═════ DATA RECORDS

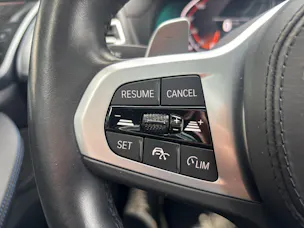BMW X3 20d xDrive paddles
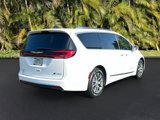 Used 2024 Chrysler Pacifica Pinnacle image 5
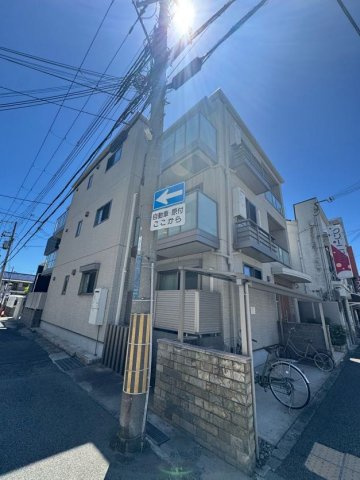 シャーメゾン切戸の外観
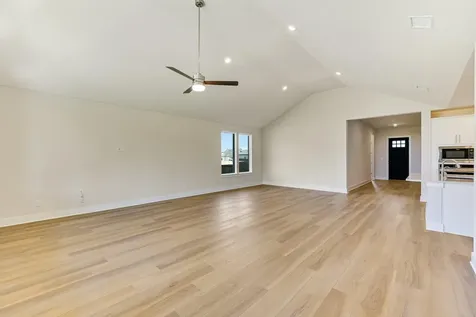 427 Fountain Grass Drive San Marcos TX 78666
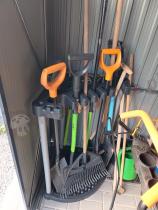 Aranżacja: Corner Tool Rack stojak na narzędzia ogrodowe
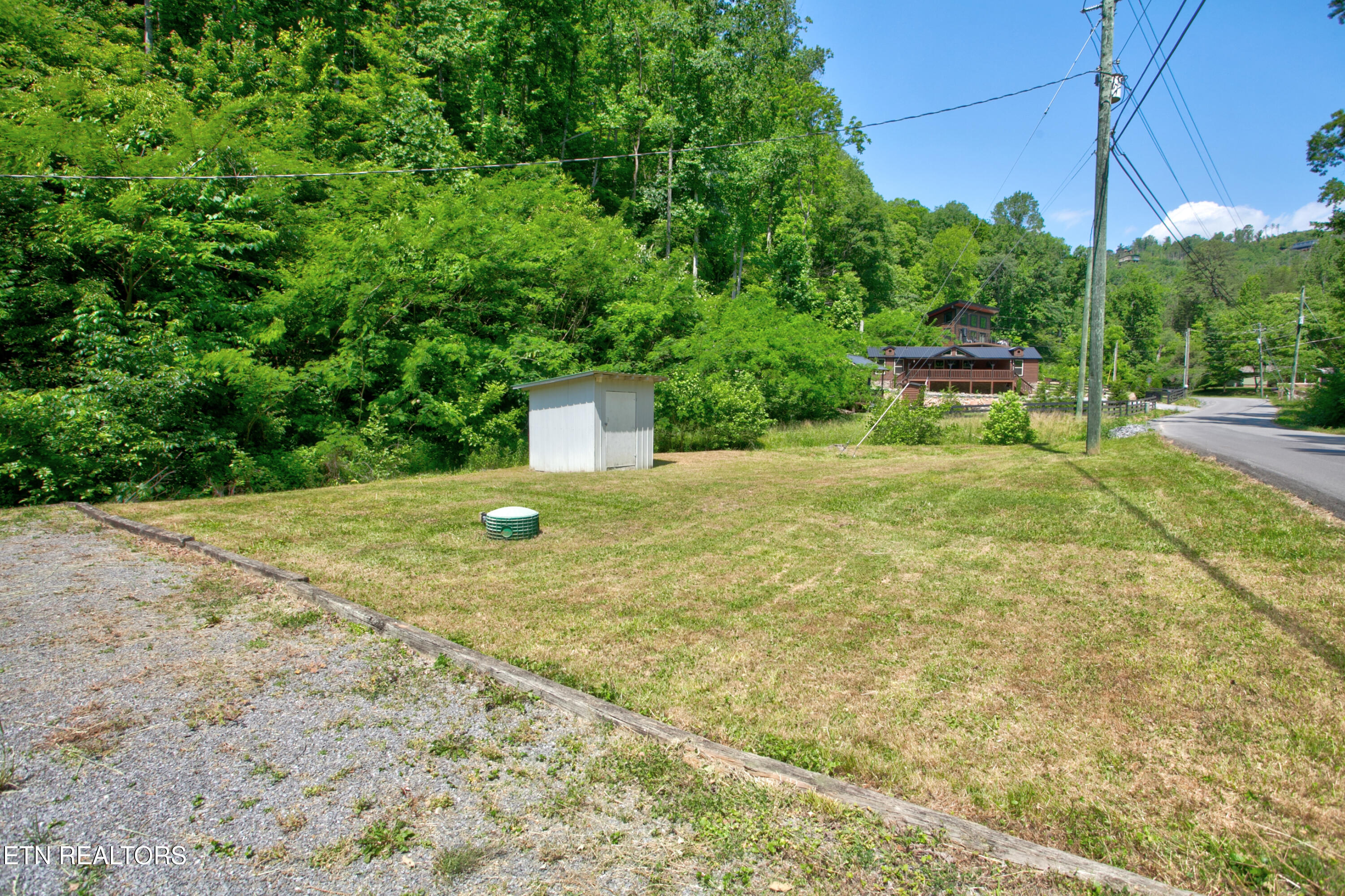 2920 Hatcher Mountain Road Sevierville TN 37862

══════════

Word for word, give again the lines from the line with "427 Fountain Grass Drive San Marcos TX 78666" through the end of the records above, with both ends included and the pictures left out.

EXERCISE OUTPUT →
 427 Fountain Grass Drive San Marcos TX 78666
 Aranżacja: Corner Tool Rack stojak na narzędzia ogrodowe
 2920 Hatcher Mountain Road Sevierville TN 37862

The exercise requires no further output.